Haan / Notunterkunft: Aus eigener Kraft kommt da keiner raus
Das Leben in den Wohnheimen ist für die Obdachlosen teuer. Aber Alternativen gibt es für die meisten nicht.
Haan. Noch vor neun Monaten nahm Sozialdezernentin Dagmar Formella kein Blatt vor den Mund: "Wir tun nichts. Wir stehen noch bei Null", war damals im WZ-Interview ihr ernüchterndes Fazit in Sachen Obdachlosenbetreuung. Erst die Überlegung, neue Unterkünfte am Heidfeld zu errichten, ließ Verwaltung und Politik darüber nachdenken, die Betroffenen in Wohnen unterzubringen.
Mittlerweile wurde ein dafür notwendiges Betreuungsmanagement auf den Weg gebracht und mit der Caritas ein Sozialverband ins Boot geholt.
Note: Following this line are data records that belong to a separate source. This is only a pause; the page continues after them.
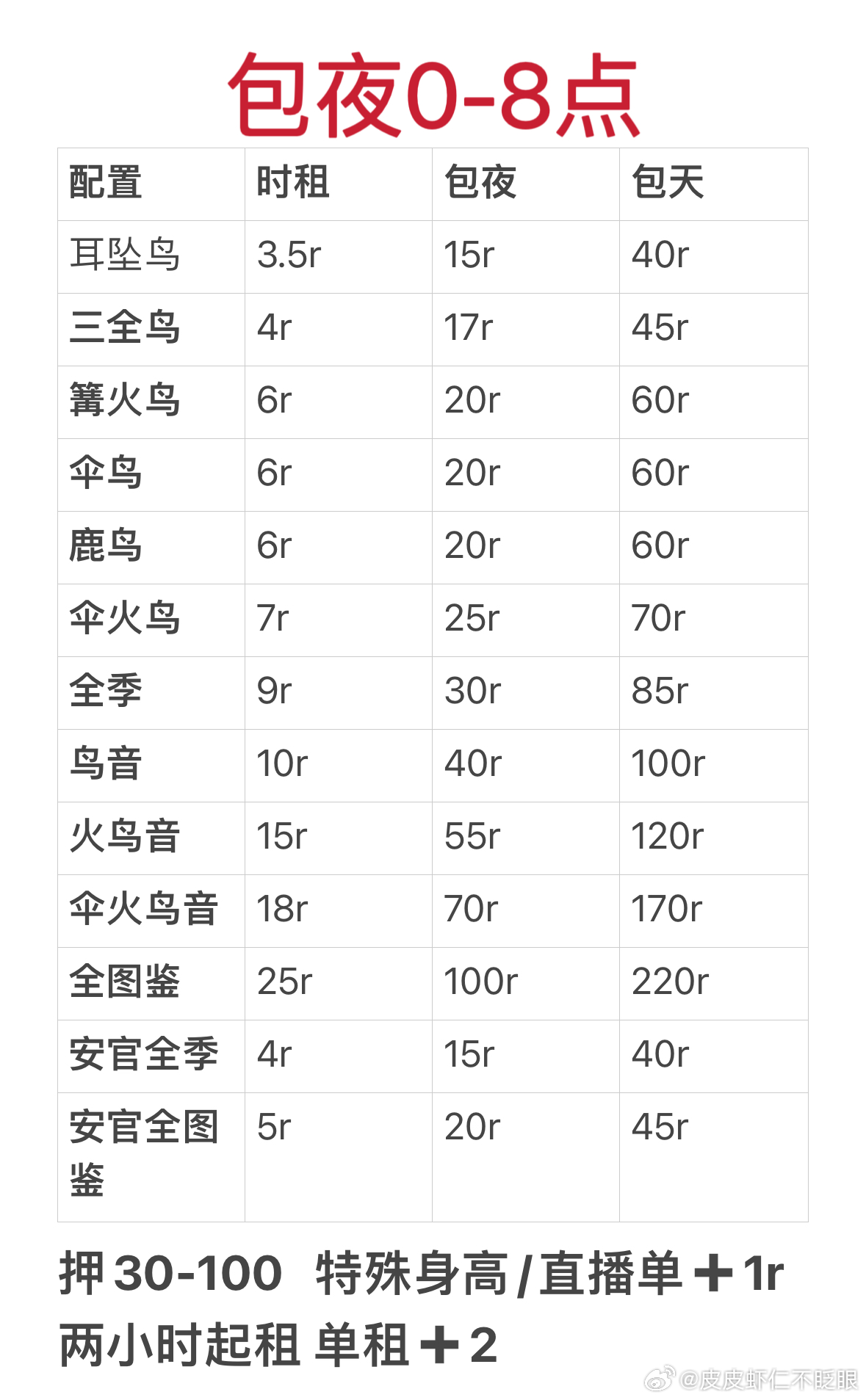 包夜几多钱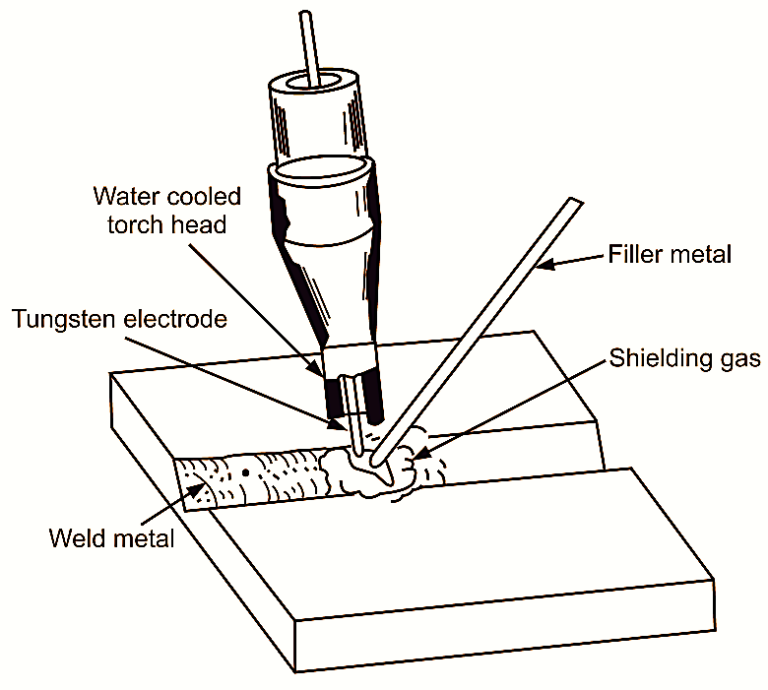 What is Tungsten Inert Gas Welding? Process, Diagram, Advantages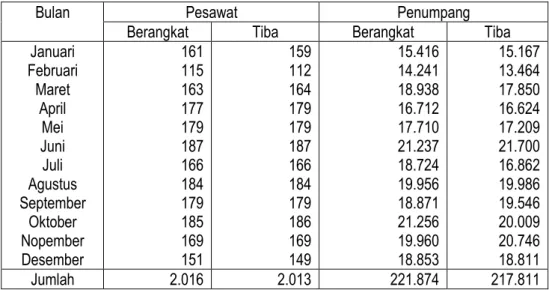 Tabel 6. Jumlah Pesawat dan Penumpang Melalui Bandar Udara Jalaludin  Menurut Bulan di Provinsi Gorontalo Pada Tahun 2013 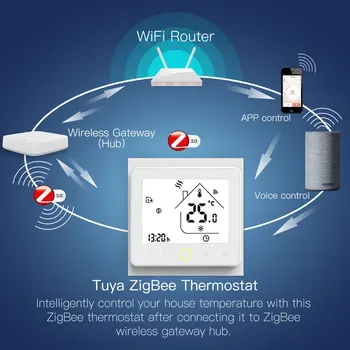 ZigBee Smart Termostat Temperaturni Regulator 2MQTT Setup Vodo/Električno talne Ogrevalne Vode/Plinski Kotel z Alexa googlova Domača stran
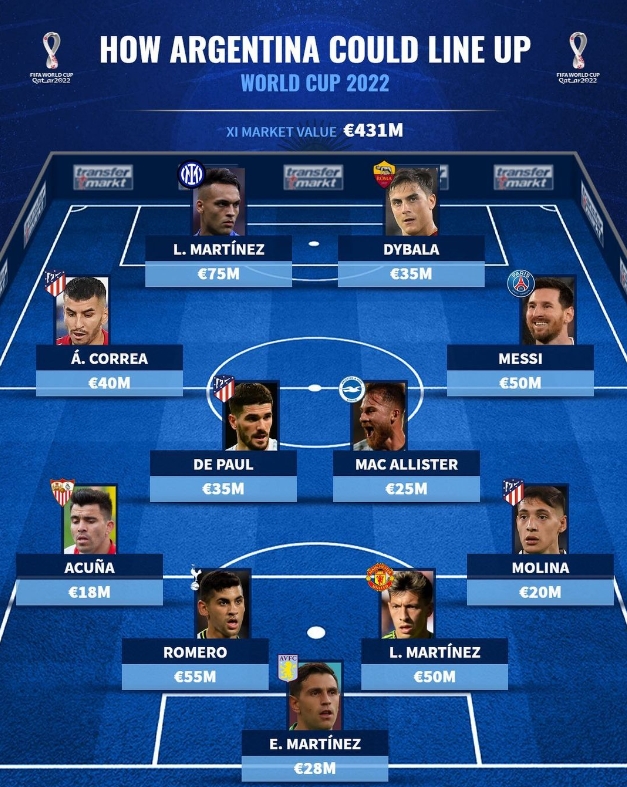 德转列世界杯阿根廷首发阵:梅西领衔,迪巴拉、利桑德罗在列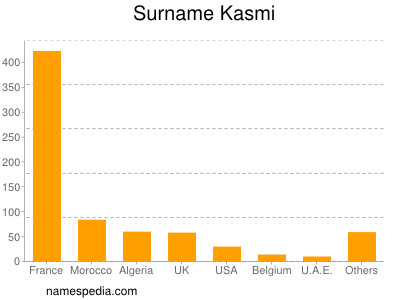 Surname Kasmi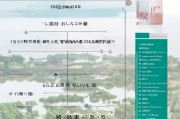 彭店洪灾补贴申请指南，流程、材料与注意事项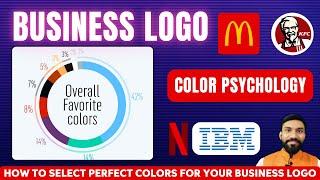 Color Psychology for Business Growth: Choosing the Best Colors for Your Brand #logodesign #branding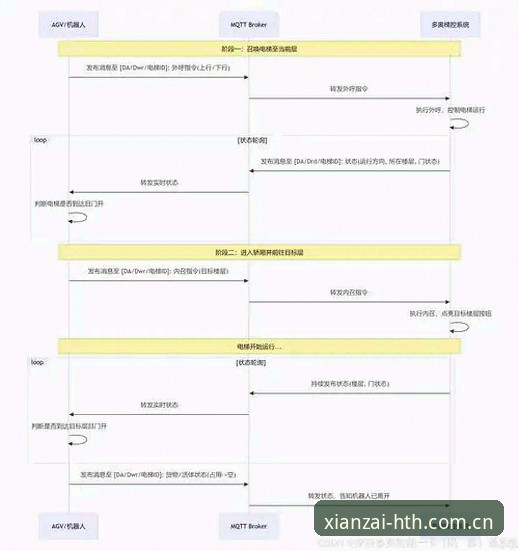 发现此刻CN网页登录详解：从安卓适配到赛事入口的实战体验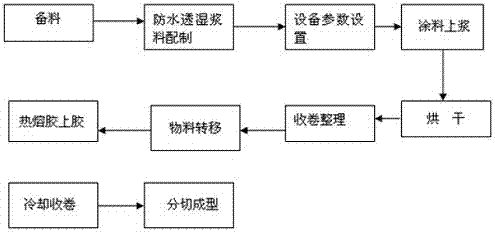 一种低成本医用透气胶带及其制备方法与流程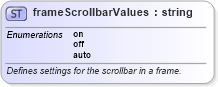 XSD Diagram of frameScrollbarValues in schema wordnet_xsd (Microsoft Office 2003 Reference Schemas)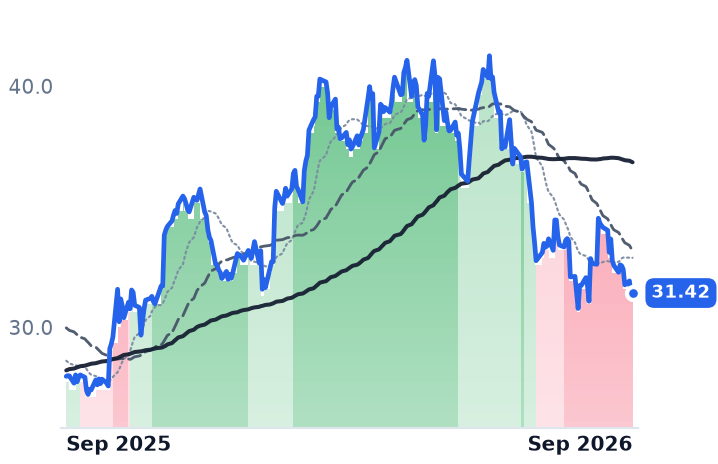CWEN 12-month price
Im Oktober fiel der Startschuss für die Kooperation, seit ein paar Wochen gibt es erste Kontakte zu den Bewohnern in den Notunterkünften.
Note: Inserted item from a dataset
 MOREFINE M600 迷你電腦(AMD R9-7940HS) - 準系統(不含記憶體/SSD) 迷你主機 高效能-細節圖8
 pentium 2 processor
"Wir stecken mitten in der Fallarbeit", sagt Sieglinde Barczewski. "Einige der Bewohner haben ihre Einkünfte überhaupt nicht realisiert", sagt die Mitarbeiterin der Caritas-Wohnungslosenhilfe. Im Klartext heißt das: Eigentlich gibt’s Geld von der Arge, aber nicht ohne Formalitäten. Die Anträge werden jetzt nachgeholt. Denn die Arge übernimmt auch die Kosten für die Notunterkunft, die jeden Monat anfallen. Und die sind mit durchschnittlich 15 Euro pro Quadratmeter nicht gerade preisgünstig.
"Wohnen kostet Geld, auch in der Notunterkunft. Wenn die Arge die Kosten nicht übernimmt, machen die Leute ständig Schulden. Nach ein paar Jahren kommen so schnell etliche tausend Euro zusammen", sagt Klaus Gärtner, Koordinator der Wohnungslosenhilfe.
Alternativen zur Notunterkunft gibt es kaum. Deren Bewohner können sich eigene vier Wände nicht leisten, weil das Geld für Kaution, Renovierung und Möbel fehlt. Das gilt vor allem für diejenigen, die als Geringverdiener ein eigenes Einkommen und damit keinen Anspruch auf Hartz IV haben. Andere finden trotz genügend Geld niemanden, der ihnen eine Wohnung vermieten will. Viele Vermieter stolpern schon über die Anschrift.
Dabei sei es längst nicht so, dass ehemalige Bewohner der Notunterkünfte in ihrem neuen Wohnumfeld automatisch für Unruhe sorgen. "Und wenn das doch so sein sollte, kümmern wir uns darum", sagt Sieglinde Barczewski. Denn ohne Nachbetreuung geht gar nichts. "Dann würden wir die Leute vorn zur Tür rausschicken, und hinten kommen sie mit noch mehr Schulden und Problemen wieder rein".
Eine Zeitlang kommen viele bei Bekannten unter und lassen sich ausnutzen. Frauen bezahlen mit ihrem Körper, Männer geben ihr letztes Hemd ab. Irgendwann landen die meisten doch wieder auf der Straße. Betteln, Schnorren, Prostitution: Ohne Geld zu überleben, kostet das letzte Stück Selbstwertgefühl. Arbeitslosigkeit, Wohnungslosigkeit und Drogen gehören zum Kreislauf, der letztlich in der Obdachlosenunterkunft endet.
"Viele kommen aus eigener Kraft dort nicht mehr raus", sagt Klaus Gärtner. Um den Übergang in ein geregeltes Leben leichter zu machen, haben Stadtverwaltung und Caritas ein engmaschiges Betreuungsmanagement vereinbart. "Die Stadt schließt mit Vermietern Probemietverträge ab, die später auf die Mieter überschrieben werden", erläutert Klaus Gärtner.
Damit liege das Risiko nicht bei den Vermietern, so der Koordinator der Wohnungslosenhilfe. Allerdings gestalte sich die Wohnungssuche dennoch schwierig. Gärtner: "In Haan gibt es wenig preiswerten Wohnraum". Und es gibt immer noch zu wenig Vermieter, die Obdachlosen eine Chance geben.